:: PROVIDED DATA
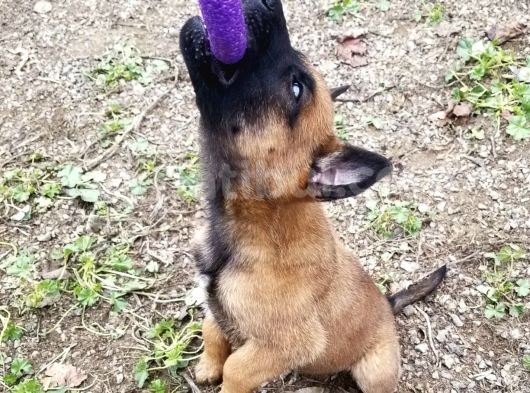 Malinois Die Yazılır Mali Die Anılır görsel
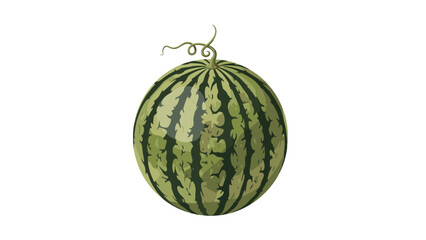 Whole round green watermelon with dark stripes and a curly brown stem isolated on a plain clean white background.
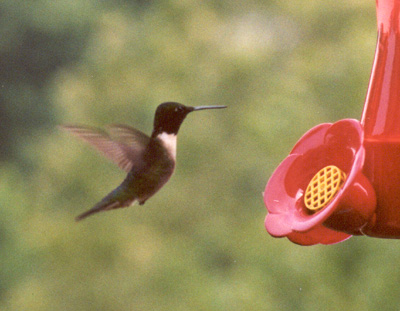 Ruby-throated Hummingbird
::::
> ABOUT THIS TASK:
Output exactly the lines from the one that has "Whole round green" through the end of the data. Do not include pictures.

> RESPONSE BOX:
 Whole round green watermelon with dark stripes and a curly brown stem isolated on a plain clean white background.
 Ruby-throated Hummingbird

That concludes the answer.